Uptrend or Top Formation in Stocks? Here's How to Tell.
The Dow Index (Nadex Wall St 30) spent most of Wednesday in a clean, straight uptrend that looked easy to trade, but still presented one of the basic challenges trend-traders face. If you want to buy, you want to buy low and sell higher. So how do you know whether the rally is going to continue or reverse?
By Vikram Rangala
Wednesday, October 19, 2016 - 00:00
Day traders in stock index futures or Nadex binary options on stock indexes faced an unusually steady rally on Wednesday. The underlying Dow Index indicative market hit a daily low at 3:52 AM. After a quick spike down, the market began a steady rally that continued through the opening bell through lunch and into the afternoon.
It was part of a broader stock rally that was helped by a surge in crude oil prices. The Energy Information Administration reported a decline in US crude supplies to the lowest level since January. Adding to this constriction, Saudi Arabia announced that OPEC countries had given "strong signals" that they were willing to join that country's move to cut oil production. As a result, energy companies like Exxon and Halliburton rallied, leading a broader rise across sectors.
Both the news and technicals may have been bullish, but for every buy order there is a matching sell order. Those sellers included traders who saw, at various points in today's rally, inflection points where the market might have been topping out.
And to some extent, they were right. The market presented a number of short-selling opportunities if you were trading short-term. You had to be prepared to take profits quickly instead of holding on for a long down move. Traders sometimes call this "fading a rally."
As you can see from the above intraday chart, fading the rally is not easy. You're essentially trying to call the top and short just a few ticks away from it. The risk is that what you thought was a top really wasn't, and after pulling back a few ticks, right to your entry point, the market resumes the rally and your short starts losing money.
"Squeezing" short sellers is part of the bulls' game plan. As shorts lose money, their stop-loss orders get hit. Those orders are buy orders and they inject fresh buying, which gives the rally an upward push.
With those competing agendas at work, how do you decide whether the rally you can clearly see on the chart is going to continue or not? Obviously, this is what makes some traders better than others. Some factors, like intuition and luck (if you believe in luck) are beyond the scope of this article, though some traders swear by them.
But there are some things that you can do to give you added perspective. One in particular, is to adjust your perspective. Zoom out and look at a larger time frame to see if a pattern like the intraday one above fits into a larger pattern. Then you can see today's rally as one chapter in a larger story.
As you can see from a chart of the last two weeks, today's rally took the Wall St 30 (Dow) back up to the level just around 18170.00, where the Dow was last Friday, October 14. And before that, it spent a week or so mostly above that level.
There's no one correct way to read the chart and decide what action to take. But most traders would say that that area around 18170 may be a resistance level. A week or two ago, it was a support level. And support often becomes resistance (and vice-versa) once the market breaks through.

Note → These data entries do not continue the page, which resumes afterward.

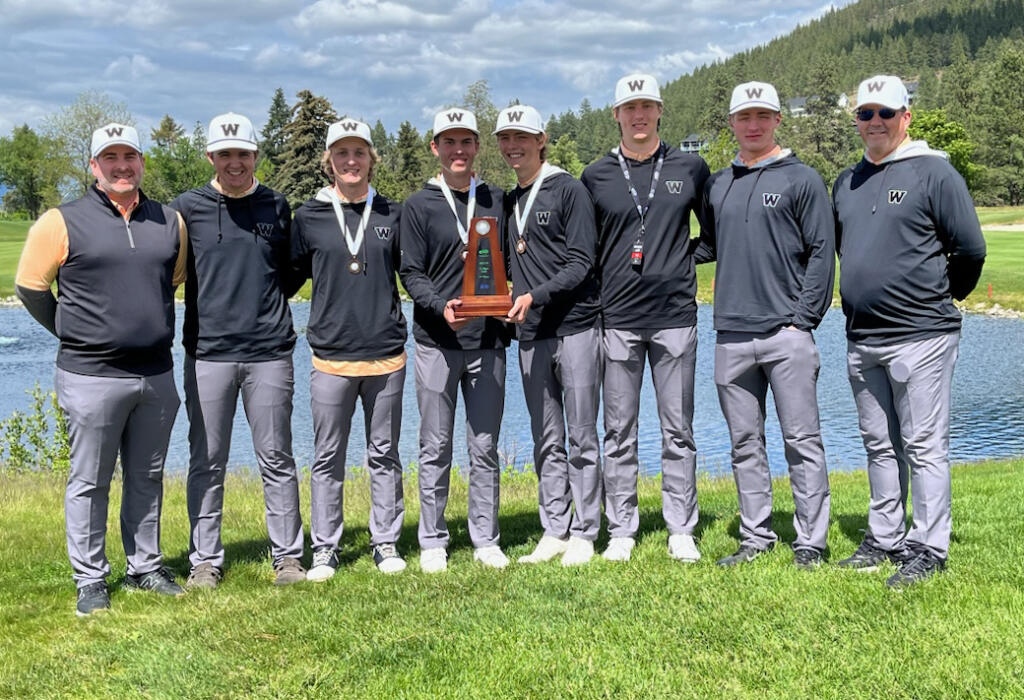 Members of the Washougal boys golf team poses with the second-place trophy after a runner-up finish at the 2A state tournament at Liberty Lake Golf Course in Liberty Lake. Pictured (from left to right) coach Mike Minnis, Brayden Kassel, Jude King, Trent Maddox, Mason Acker, Keagan Payne, Mather Minnis and assistant coach John Walker.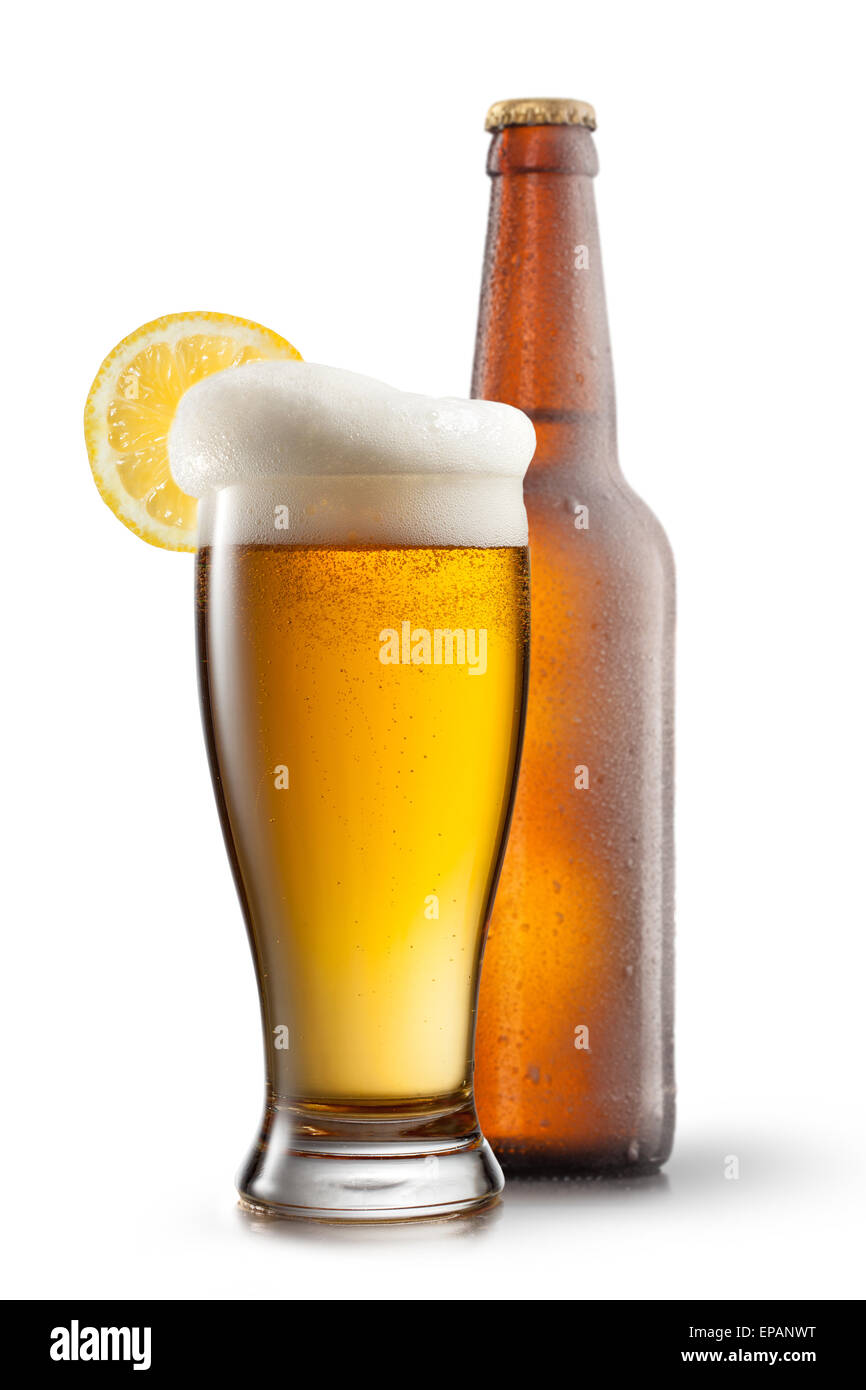 Beer in glass with lemon and bottle isolated on white Stock Photo Alamy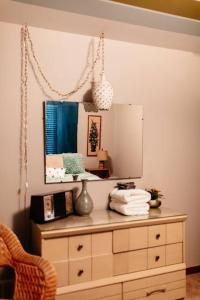 a room with a dresser and a mirror on the wall at That 70s House at Hidden Creek Estates in Roscoe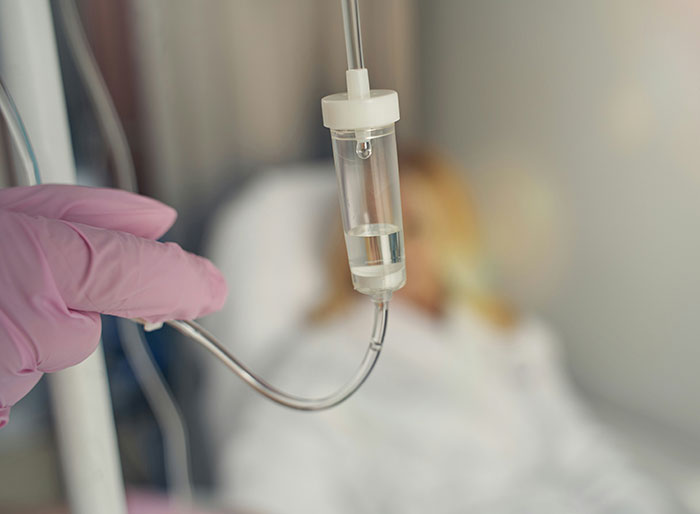 Hospital IV drip held by gloved hand with blurred patient in background, highlighting man trapped in hospital story. Hospital IV drip held by gloved hand with blurred patient in background, highlighting man trapped in hospital story.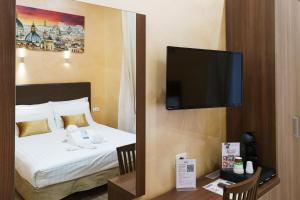 um quarto de hotel com uma cama e uma televisão de ecrã plano em Trinity Luxury Rooms em Roma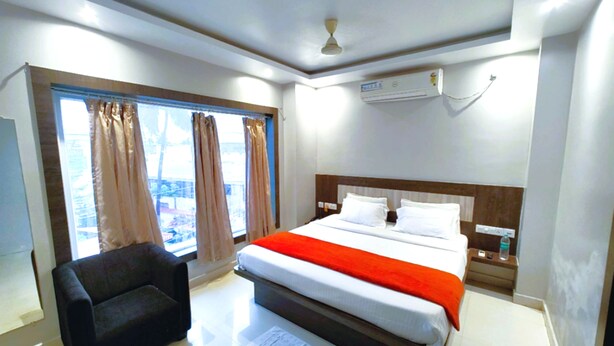 Une chambre d’hôtel équipée d’un lit, d’une chaise, d’une fenêtre avec des rideaux, d’un climatiseur et d’un ventilateur de plafond.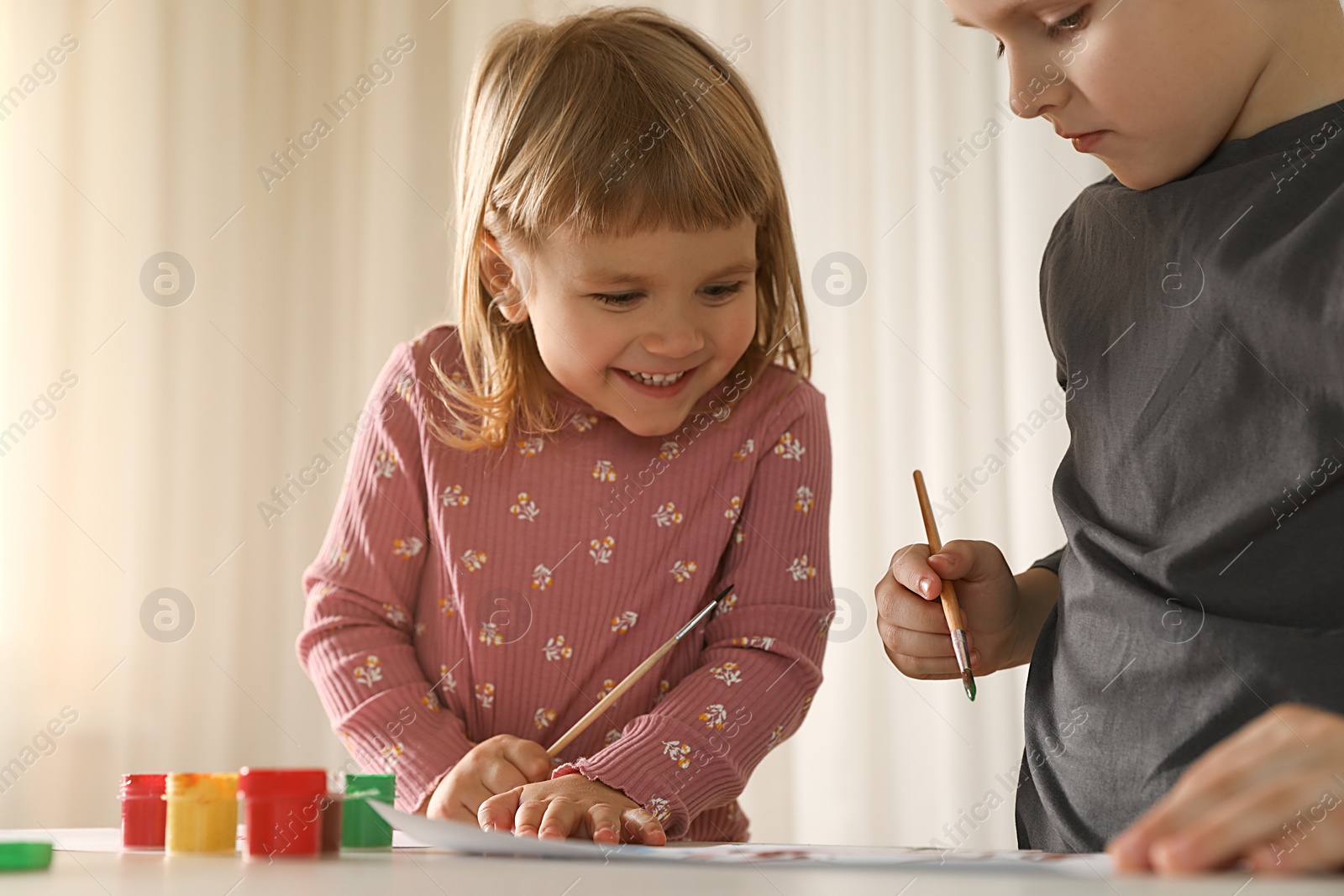 Photo of Cute little children drawing at light table indoors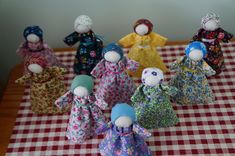 a group of cloth dolls sitting on top of a checkered tablecloth covered table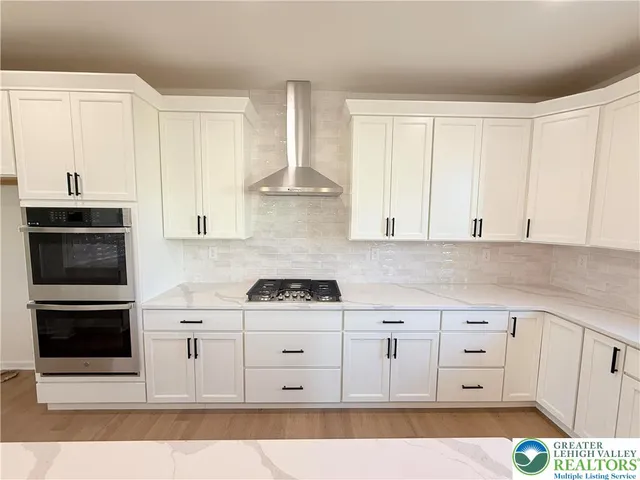a kitchen with white cabinets and appliances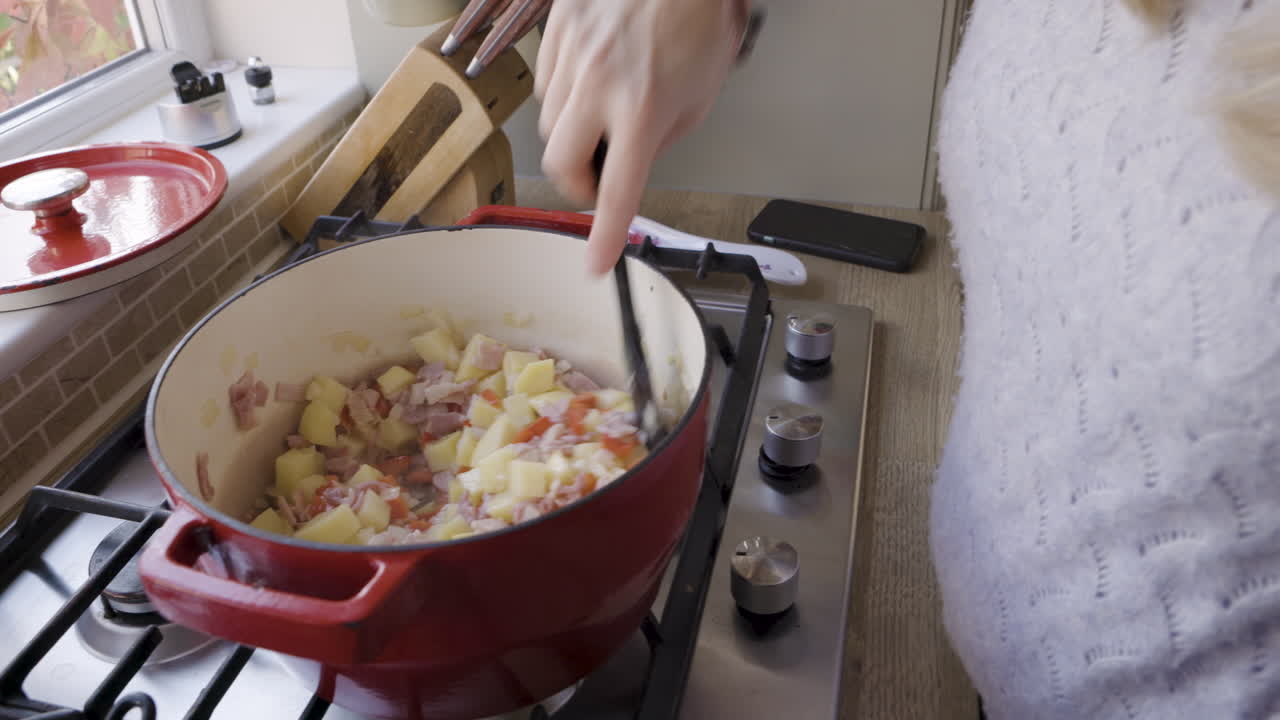A woman cooking food in the kitchen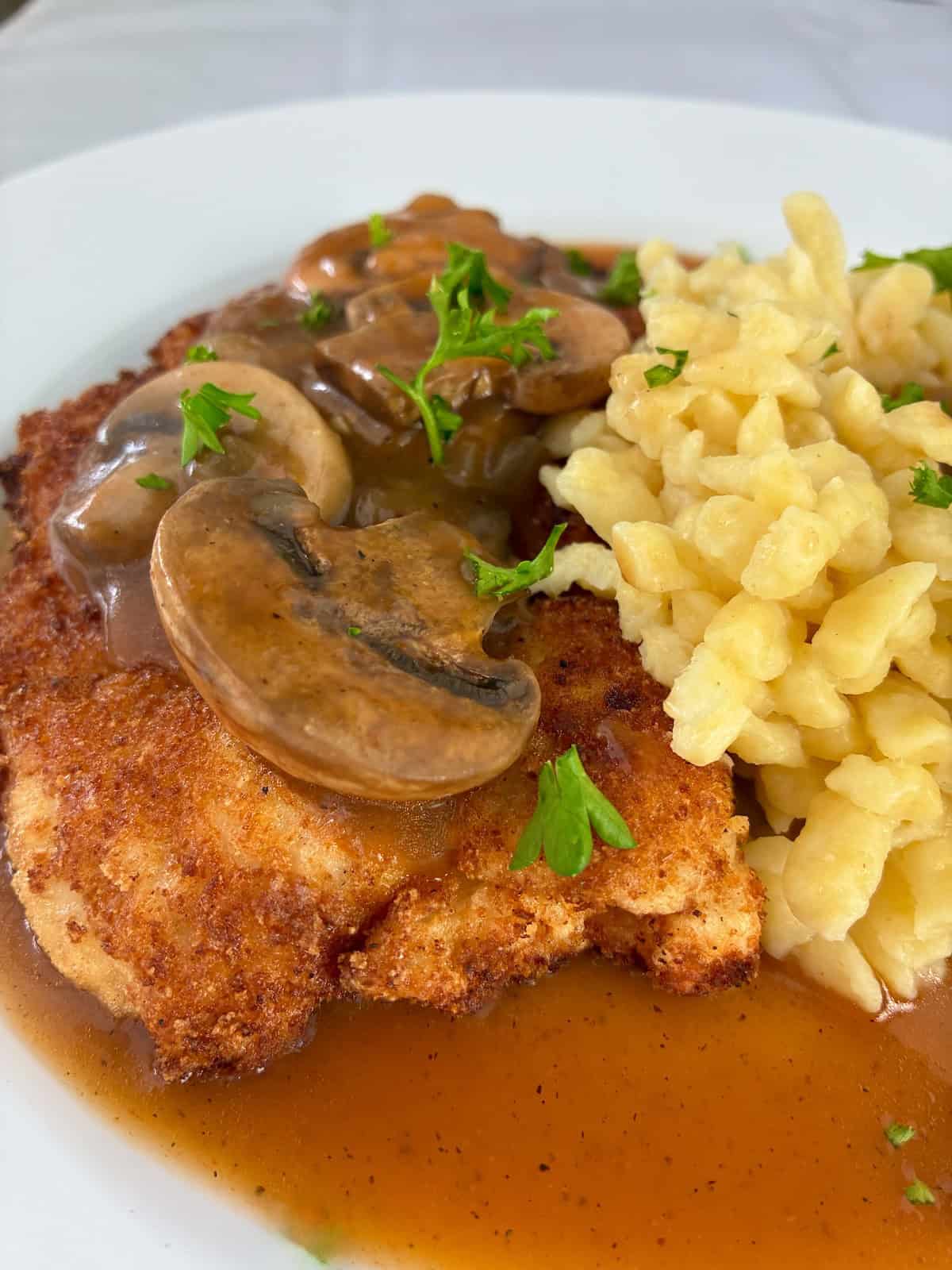 Pork Schnitzel with mushroom gravy and a side of spatzle on a white plate.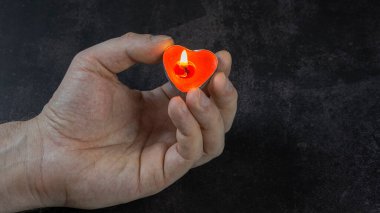 Koyu bir arka planda kalp şeklinde yanan bir mum bir adamın elinde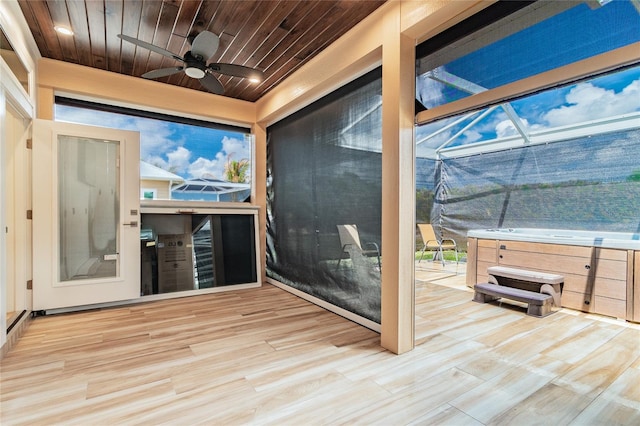 deck featuring a lanai, a hot tub, and ceiling fan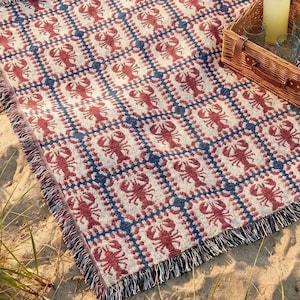 May include: A woven picnic blanket with a repeating pattern of red lobsters on a cream background, framed by a blue and white checkered design. A wicker picnic basket, glasses, and a bottle of lemonade sit on the blanket, perfect for a day at the beach.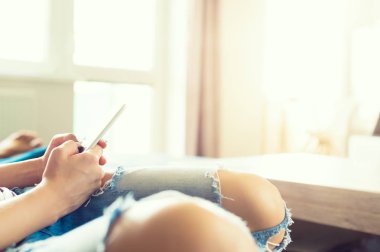 Bir kanepede rahatlatıcı modern evinde oturan genç unrecognisable kadın. Örümcek ağı browsing hareket eden telefon, tutan kadın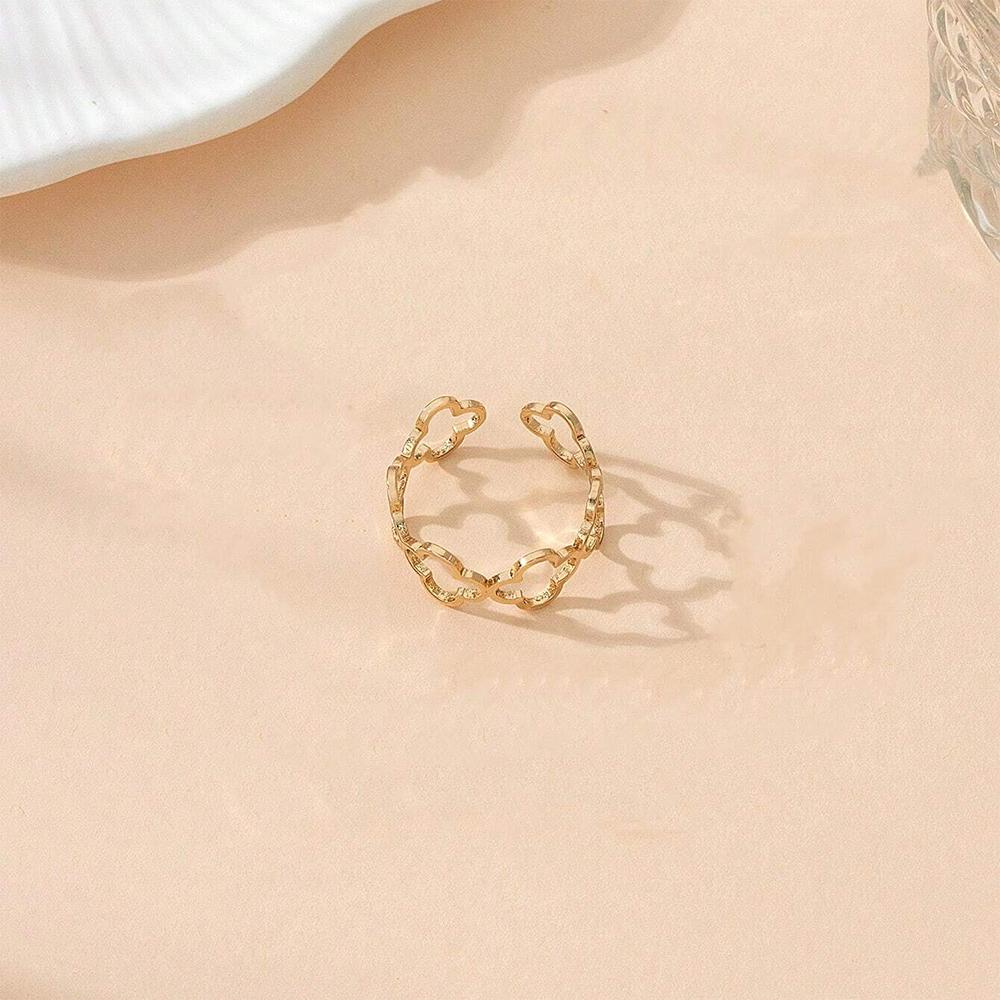 DOTIF Stainless Steel Lucky Hollow Four-Leaf Clover Ring Female Fashion Simple Opening Adjustable Finger Jewelry Party Gifts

From here, it's the trader's skill and judgement that determines whether you buy a binary, believing the market will push through resistance and stay up. Or you might sell the Wall St 30 > 18170.00, believing the market will drop following that top. We're not going to say which choice would have been right because that isn't the point.
The point is, you have to go through the process of looking for support and resistance levels and then make your choice knowing that you might be wrong. You have to have an exit strategy for both possibilities: the profitable and the loss. With the limited risk/reward of binary options, you get a built-in number for those exits. But to succeed, you still must recognize that it's not a guessing game, but a game of calculated decisions.